Solutions to Exam 3

Problem 1: Find these integrals

(a) \int (e^-4x+1) dx= -1/4*e^-4x+x+c

(b) \int₁³ x*(x²-2)⁷ dx, put u=x²-2, 1/2*\int_-1⁷ u⁷ du=1/16*u⁸ from -1 to 7 is 1/16*(7⁸-(-1)⁸).

(c) \int((sec(x))²tan(x) dx, put u=tan(x), so du=sec(x)²dx, \int u du= u²/2+c, so tan(x)²/2+c.

Problem 2: (a) Find \lim_x->Pi/2 sin(4x)/cos(x). Since sin(2Pi)=cos(Pi/2)=0, this is a 0/0 so we use L'Hopitals rule. We get

\lim_x->Pi/2 4cos(4x)/(-sin(x))=-4.

(b) lim_n->\infty 1/n*\sum_i=1 ((i/n)²+(i/n)). This is the limit of the Riemann sum approximations to the integral \int₀¹ (x²+x) dx= 1/3+1/2=5/6.

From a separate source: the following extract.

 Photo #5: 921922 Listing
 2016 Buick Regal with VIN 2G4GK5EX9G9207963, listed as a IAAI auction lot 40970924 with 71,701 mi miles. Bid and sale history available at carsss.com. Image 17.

Problem 3: Find the area of the region bounded below by the curve y=3x and bounded above by the curve y=4-x².

These curves intersect when 3x=4-x², or x=1, x=-4. So the area is \int_-4¹ (4-x²-3x) dx= 4x-x³/3-3x²/2 evaluated from -4 to 1, which is 125/6.

Problem 4: True or False? (Please give your reason in complete sentences. An answer alone is worth zero.) If we define for x>0, F(x)=\int_x ^2x 1/t dt, then F(x) is a constant independent of x.

Solution #1: True. F(x)=ln(2x)-ln(x)=ln(x)+ln(2)-ln(x)=ln(2) is independent of x.

Solution #2: True. F '(x)=1/(2x)*2-1/x=0, so F(x) must be a constant, independent of x.

Problem 5: A rectangular box with square top and bottom is to be built with fixed volume V. The top and bottom cost $3 per square inch and the sides cost $1 per square inch. Find the dimensions of the cheapest box.

Let the square bottom and top have side lengths x, let the height be h. Then x²*h=V. The cost of the box is

cost=2*x²*3+4*x*h=6x²+4*x*V/x²=6x²+4V/x.

If we take d/dx we get d/dx(cost)= 12x-4V/x²=0 when x³=V/3, so x=cube root of V/3, and h= V/(cube root (V/3))².

This is a local min, from either the first or second derivative tests. The cost goes to infinity as x approaches the endpoints of x=0 and x=infinity, so it is the global min too.